21/06/08

«Codice Gesù» : l'ennesimo teorema

Merita il titolo di coraggioso il lettore che s’accosta alla lettura di «Codice Gesù» di Robert Eisenman (Piemme, pagine 444, euro 22,50). Lo attendono centinaia di pagine di citazioni, rimandi, paragoni, e ragionamenti labirintici e tortuosi. Sarebbe il meno, se i frutti fossero buoni. Ma qui è evidente il difetto di quell’equilibrio di metodo che ogni storico, qualunque sia il campo sul quale applica la propria erudizione, è tenuto a rispettare. Lo squilibrio non è velato neppure dal sottotitolo del libro: «I manoscritti segreti di Qumran smascherano le manipolazioni e le falsificazioni dei Vangeli».
Siamo sulla scia solita, e ormai annosa, delle rivelazioni gridate e dei pugni alzati.

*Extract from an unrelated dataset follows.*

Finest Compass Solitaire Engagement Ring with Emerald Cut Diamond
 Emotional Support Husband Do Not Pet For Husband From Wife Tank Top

Diciamolo subito, i manoscritti di Qumran erano 'segreti', cioè impubblicati, vent’anni fa, e più, prima che ne fosse completata l’edizione integrale. Definirli ancora segreti oggi è come minimo disonesto. Ed è piuttosto triste constatare che esistono studiosi così fanaticamente appiccicati ai propri desideri da forzare una ricostruzione delle origini cristiane che incontri a tutti i costi la propria idea. Eisenman ripete ciò che già scriveva nel suo precedente «Giacomo, il fratello di Gesù», e cioè che gli eventi storici legati alla Chiesa primitiva sono stati ripetutamente alterati, travisati o eliminati, così che i Vangeli sarebbero del tutto inutilizzabili dal punto di vista storico. Secondo Eisenman, per ricostruire i fatti occorre rifarsi esclusivamente a fonti extrabibliche (manoscritti di Qumran e Nag-Hammadi, vangeli gnostici, Talmud, testi apocalittici, testi storici ecc.) degni di fede appunto perché 'non inquinati dalla fede'.
Convinto che il Nuovo Testamento sia stato costruito, con intenti cospiratori, da un certo Epafrodito, coadiuvato da san Paolo, cerca di rinvenire tutte le pezze che possano rattoppare la sua convinzione.
Il teorema è applicato con stupefacente coerenza: ogni documento che può contraddire i Vangeli, non importano datazioni, contraddizioni o sospetti di falsità, è degno di pensosa considerazione. Al contrario, tutto quanto può confermarli è guardato in tralice, con sospetto rancoroso. Il malvagio è, al solito, la Chiesa primitiva, una Spectre violenta, formata da una banda di teppisti culturali e maneschi manipolatori. Calatosi nella scena del crimine come un investigatore da telefilm, Eisenman identifica persino i colpevoli più attivi: Paolo («uomo polemico» e «privo delle benché minima traccia di simpatia umana») ed Epafrodito, algido segretario tuttofare dell’imperatore Domiziano. Resta da capire perché un lettore dovrebbe sottoporsi alla punitiva lettura di questo libro che, oltretutto, manca d’un indice dei nomi; grave mancanza perché qualora ci si scordi di segnare la pagina in cui compare il nome del colpevole (Epafrodito, il maggiordomo di Domiziano), tocca rileggersi tutto il libro per ritrovarlo. Il che, francamente, è chiedere troppo.